--- DATA FOR REVIEW Enclosed Below ---
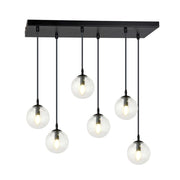 Lampadario Emibig COSMO 6xE14 nero vetro trasparente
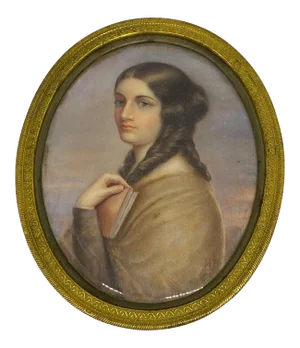 19th Century "Woman Holding a Book" Miniature Portrait Painting, Framed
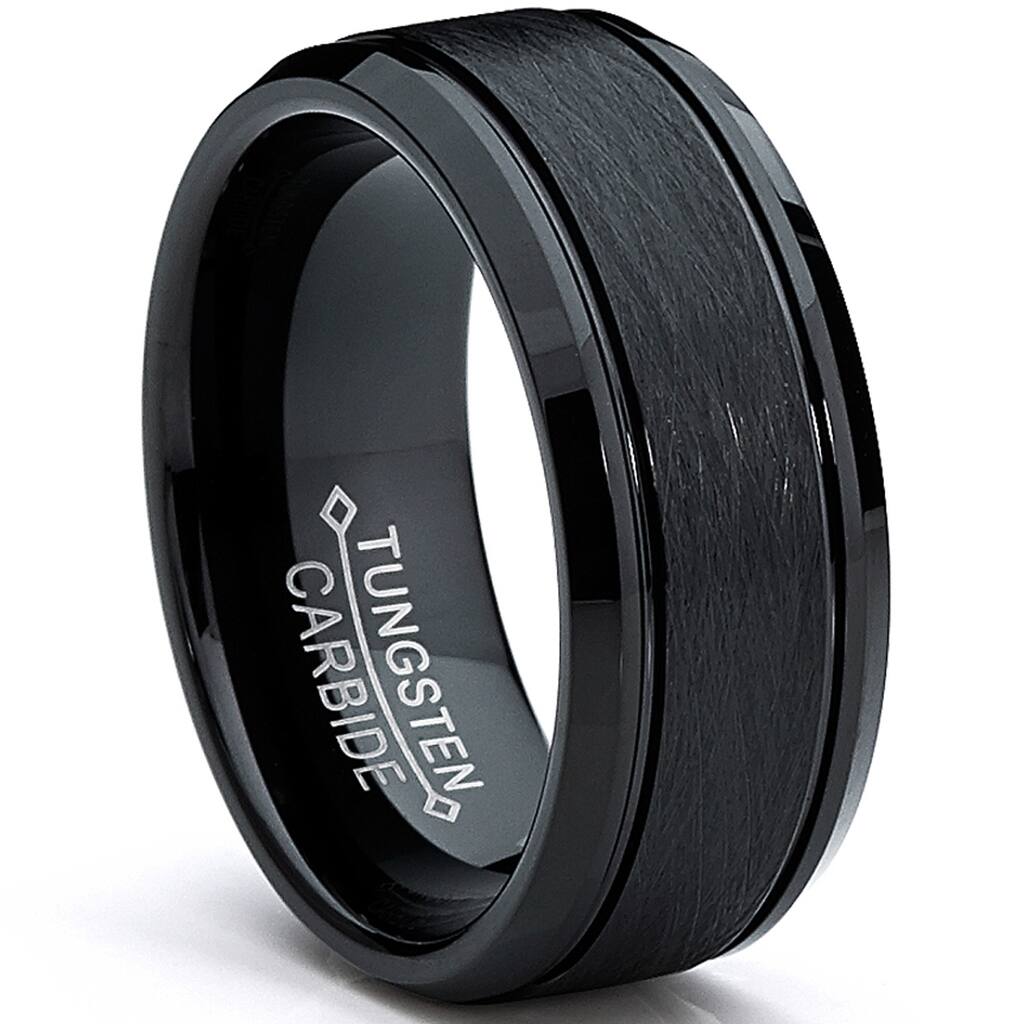 Tungsten Mens Black Brushed Textured Center Ring (8 mm)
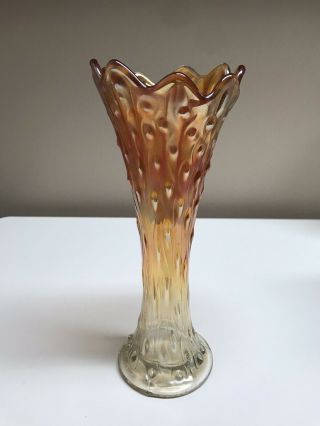 Vintage Northwood Carnival Glass Tree Trunk Vase 10 "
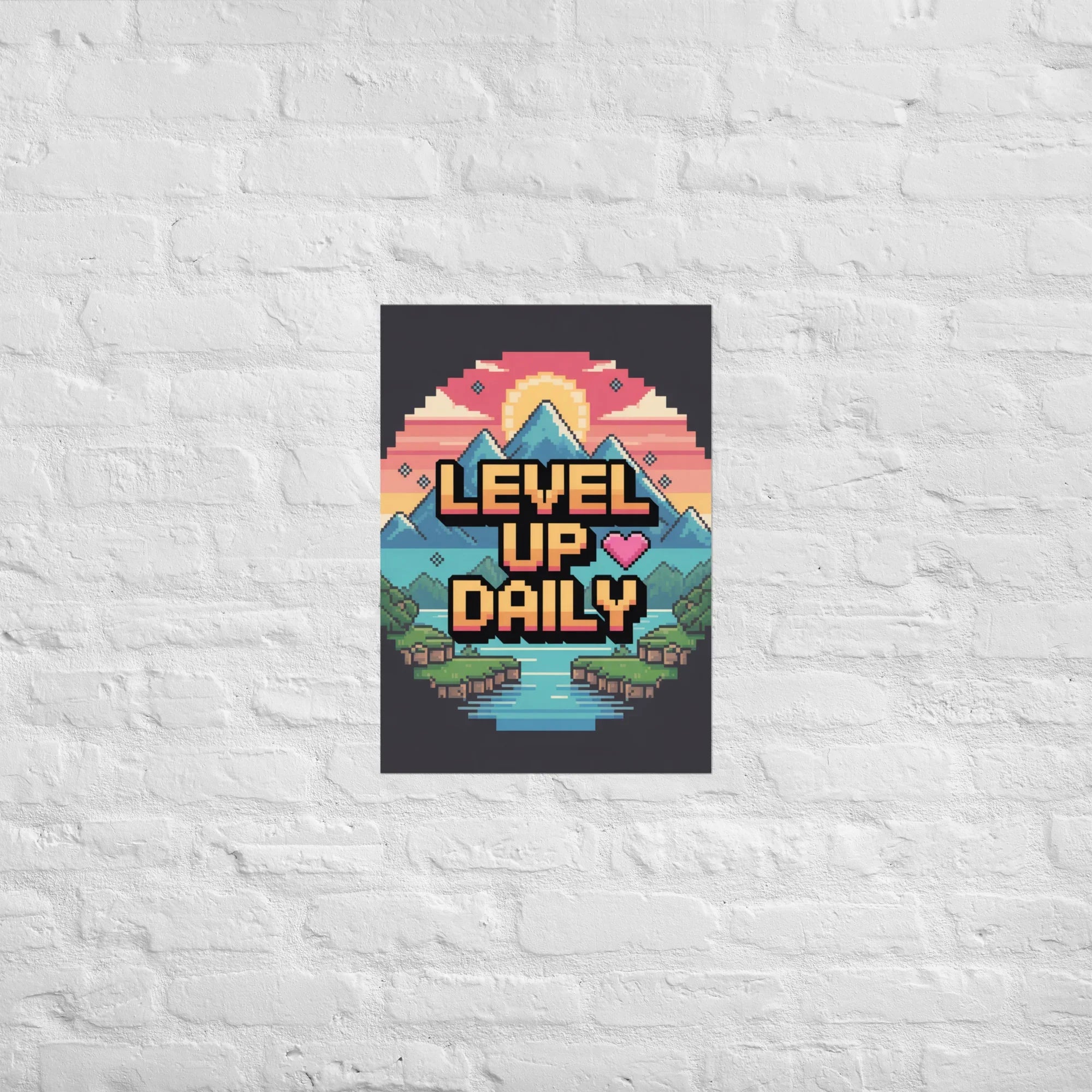 Level Up Daily Pixel Motivation Poster - RaZits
--- End of Enclosed DATA FOR REVIEW ---
# EXERCISE
I need the entries printed exactly, with each picture left out.

# SOLUTION
 Lampadario Emibig COSMO 6xE14 nero vetro trasparente
 19th Century "Woman Holding a Book" Miniature Portrait Painting, Framed
 Tungsten Mens Black Brushed Textured Center Ring (8 mm)
 Vintage Northwood Carnival Glass Tree Trunk Vase 10 "
 Level Up Daily Pixel Motivation Poster - RaZits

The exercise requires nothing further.